La Ribolla “Anfora” di Gravner



Ho sempre sperato che la vita mi elargisse il bacio del “piacere”, quel plurisfaccettato prisma che è il cuore pulsante di ogni azione e la giustificazione di ogni esistenza.
Ispiratore di ogni pensiero, il piacere è vittima di una duplice mistificazione: o lo si edulcora con orpelli filosofici e gli si attribuisce un’immeritata funzione cruciale nella ricerca della felicità…o lo si denigra, associandolo arbitrariamente a pulsioni bestiali e ad ogni genere di banalità e bassezze.
In realtà dovrebbe scaturire ad ogni respiro come il naturale controcanto dell’essere vivi.
Quando posso, godo.
Il senso del mio futuro sta dunque in questo: prima che il destino faccia del mio corpo una manciata di polvere, prima di bussare alle porte del paradiso, voglio procurare ad ogni mia cellula vivente il brivido di un’emozione.
Anche quando degusto una bottiglia di vino, attività impropriamente considerata ludica e poco altro, concorro dunque al compimento della ragione ultima della mia poetica: preparare una trama di piacevolezze che intrecci l’ordito della fatica quotidiana e renda più lieve e gioiosa l’esistenza.
Più che dal vino tecnicamente perfetto, il piacere scaturisce dal vino-emozione. La ricerca di questi rari nettari, il cui assaggio da solo costituisce un’esperienza e giustifica la costruzione di un evento, ci ha condotti in un angolo estremo del Friuli, sulle colline che circondano Oslavia, a cavallo fra Italia e Slovenia, dove campeggia una casa circondata da una vigna: è la dimora di Josko Gravner, produttore vinicolo anarchico e sognatore, e la vigna è quella dove nasce la sua “ribolla”.
I successi degli anni ’90 buttati alle spalle, Josko ha sempre fatto il vino che piace soprattutto a lui e adesso affina la sua ribolla in anfore di terracotta interrate.

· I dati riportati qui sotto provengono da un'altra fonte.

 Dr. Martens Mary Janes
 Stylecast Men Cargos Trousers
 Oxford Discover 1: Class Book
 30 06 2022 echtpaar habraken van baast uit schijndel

Quel che abbiamo bevuto ieri sera al wine-bar Cairoli, in cordata quattro bevitori, è la versione dell’annata 2003.
Vino da un grappolo per pianta.
Da agricoltura “totalmente” biodinamica.
Non c’era nulla di usuale nel bicchiere.
L’aspetto abbastanza limpido mostrava un colore giallo virante sul ramato dalla tonalità mai vista prima.
Allo scuotimento rotatorio di rito, più che rigate di lacrime glicerinose, le pareti del bicchiere esibivano un drappeggio compatto dalla consistenza oleosa.

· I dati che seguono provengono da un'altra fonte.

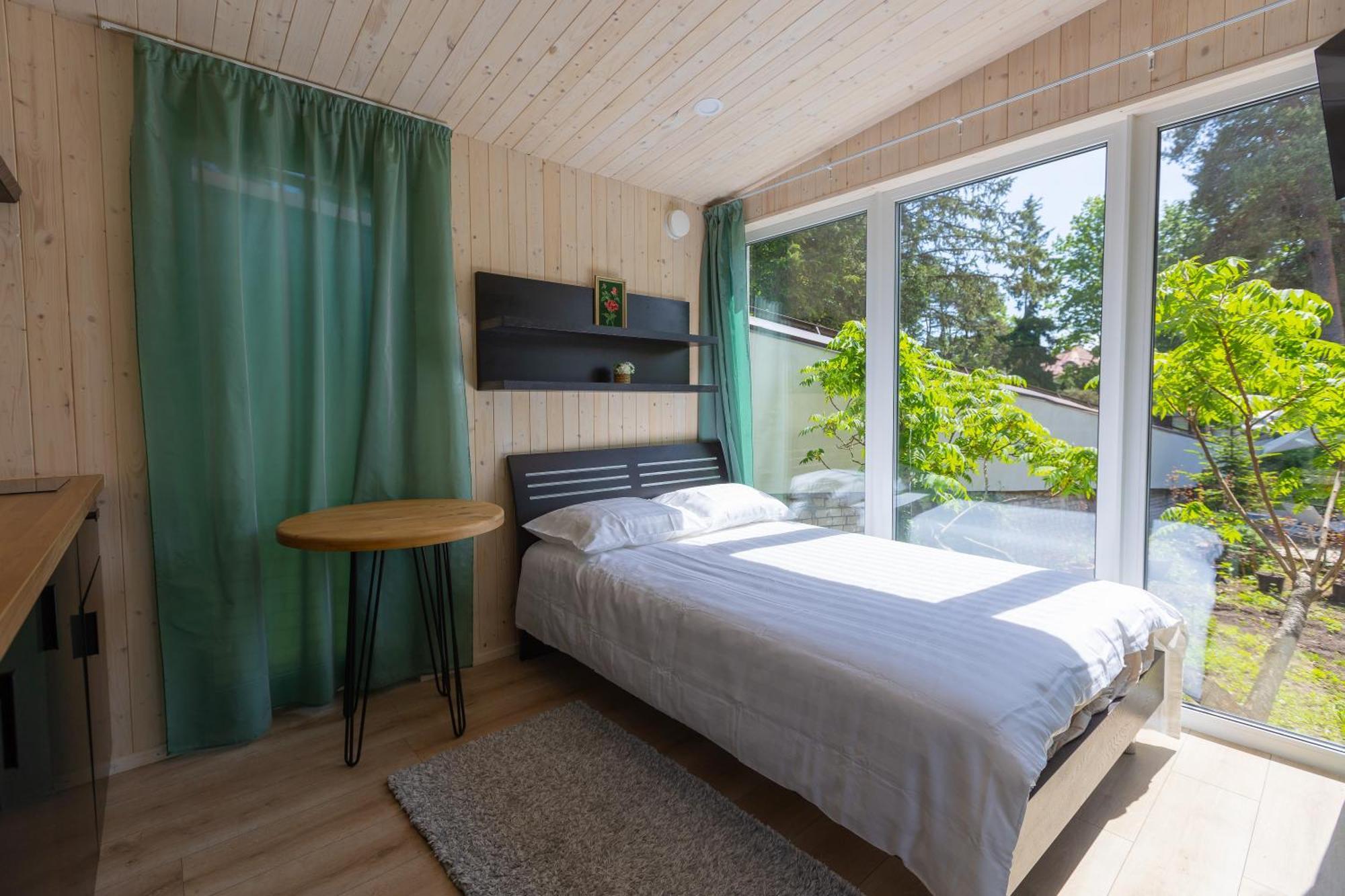 Baltic Beach Houses & Jūrkalne Dış mekan fotoğraf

Attoniti, siamo stati seduti a meditare, ad ascoltare il vino che cresceva, ad annusare i profumi che cambiavano.
Prima l’olfatto ha incontrato la castagna. Poi note mentolate.
Quindi origano e humus e, su tutto, l’inconfondibile speziatura terrosa ceduta dalla permanenza nella creta.

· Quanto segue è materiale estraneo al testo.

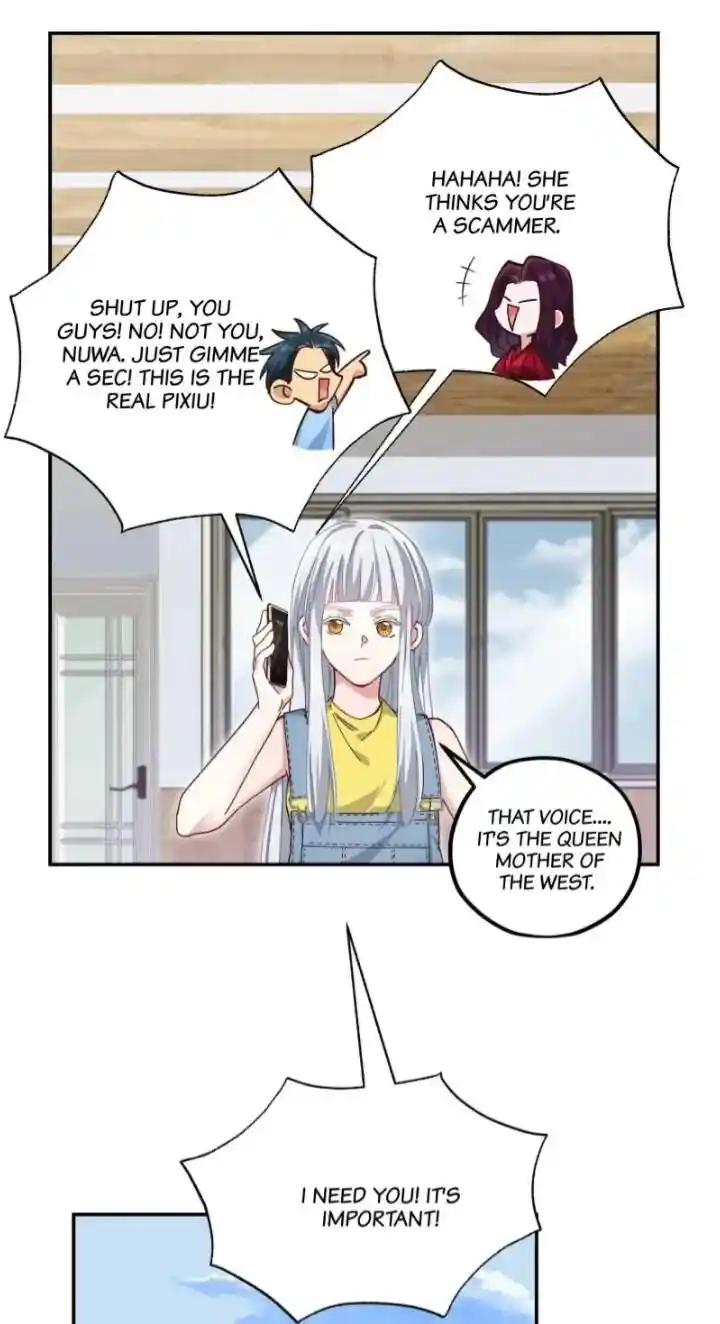 Pixiu's Eatery, No Way Out Ch.110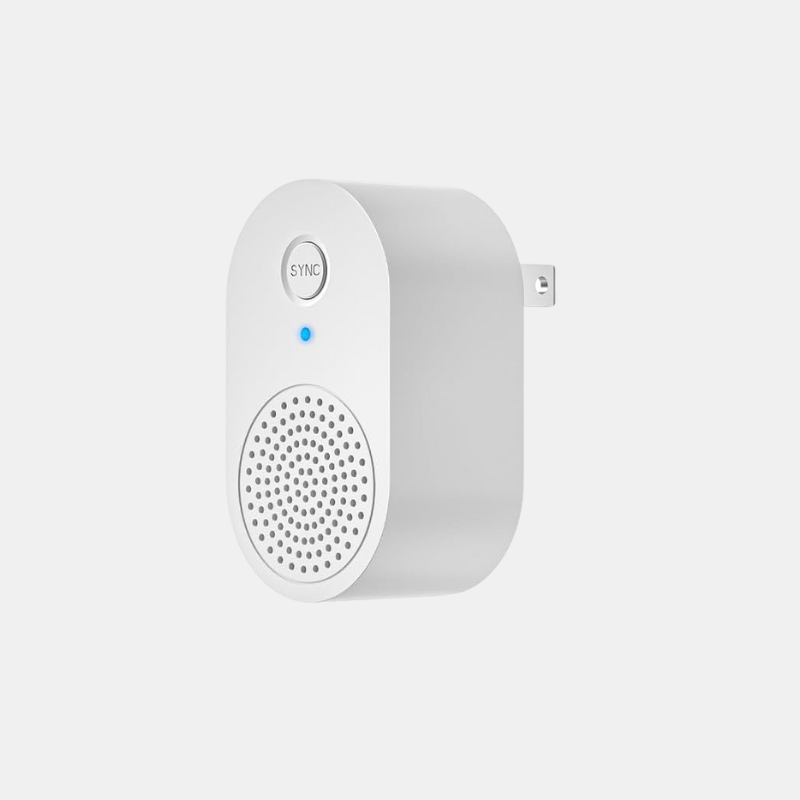 Smart Home Dørklokke – Full HD Sikkerhed & Wi-Fi Forbindelse Smart Home Sikkerhed Tech Butik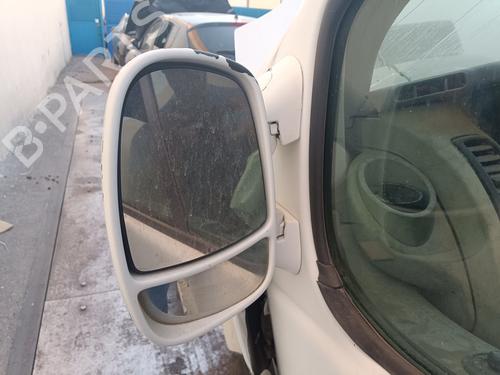 Used Left mirror NISSAN PRIMASTAR Van (X83) 1.9 dCi 100 (100 hp) 27988211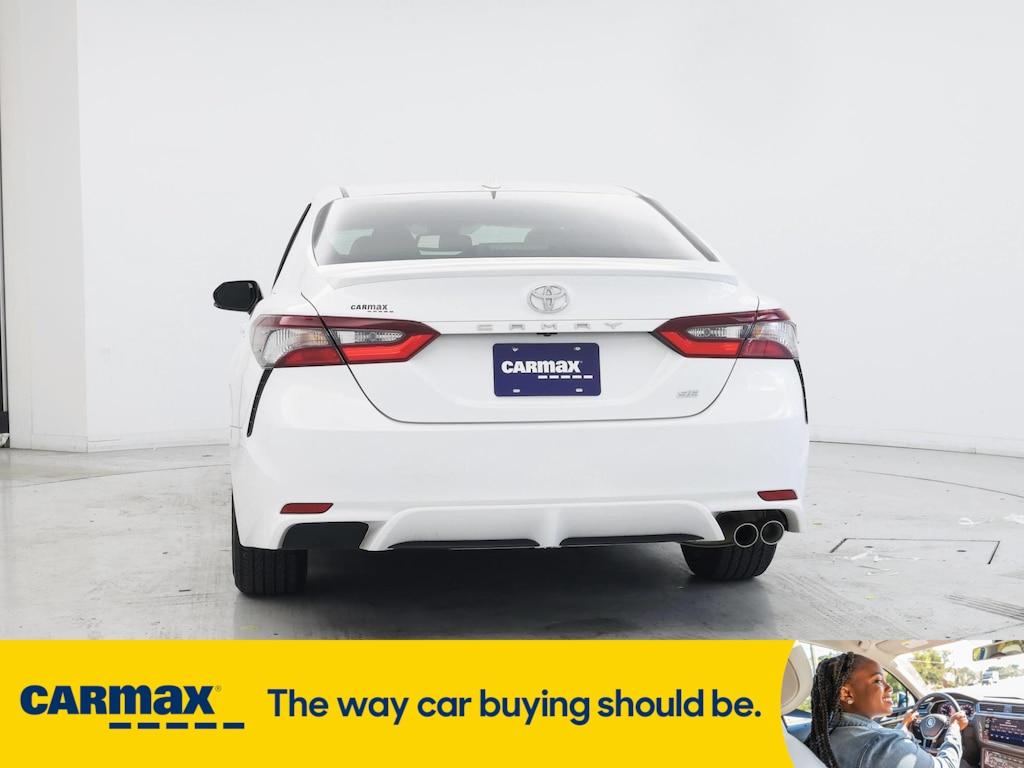 used 2022 Toyota Camry car, priced at $27,998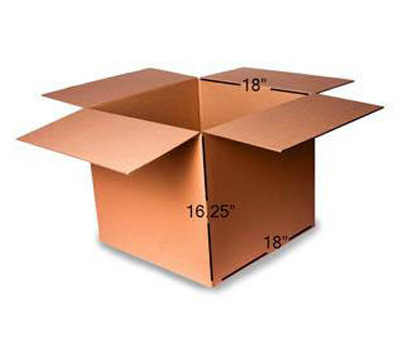 3 Cube box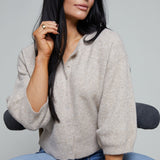 Althea Short Sleeve Cardigan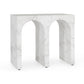 Marmo Outdoor Rectangle End Table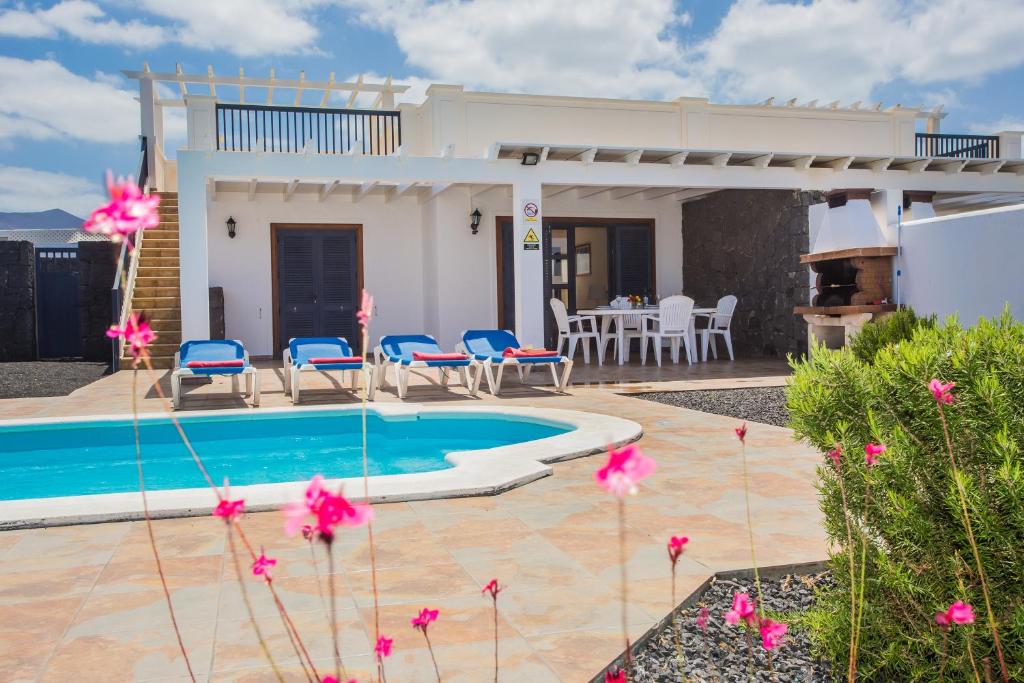 Villas Susaeta, Lanzarote (wyspa), zdjęcia z wakacje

Ci vuole pazienza e tempo per provare a stanare “nuances” inedite e sottili, appena sussurrate, metafisiche.
E’ un vino che ti chiude in un angolo, che ti costringe a cambiare approccio e strategia degustativa.
Non si deve e non si può cercare il già noto, ma si è indotti ad inseguire qualcosa di diverso, di più, forse di meglio!
Il piacere di Josko diventa così, progressivamente, il nostro piacere, il piacere della scoperta. La sua esperienza, subliminalmente, si trasferisce  sorso per sorso  nella nostra, arricchendola, completandola.
E’ una sorta di religioso ritorno alla madre terra.
Che serve all’uomo per far nascere l’uva da cui si fa il vino.
Che poi ritorna all’uomo per ritemprarlo, ridargli un sorriso, regalargli scampoli di felicità.
Quando si perviene a simili livelli di coinvolgimento interiore, la semplice bevuta di una bottiglia di vino “normale” sembra quasi banale, ordinaria, pleonastica.
Bere Gravner significa imboccare una strada originale, con i piedi ben piantati nelle radici della storia e la mente sospesa sul baratro immaginifico del vagheggiamento, dove sincreticamente intelligenza e cuore associano il vecchio al nuovo in una sintesi più alta.
Senza possibilità di ritorno alcuno perché se ne smarrisce il percorso.
Solo altre sintesi e altre evoluzioni sono possibili.
Nuove espansioni dei sensi e dei gusti ci attendono di là da venire.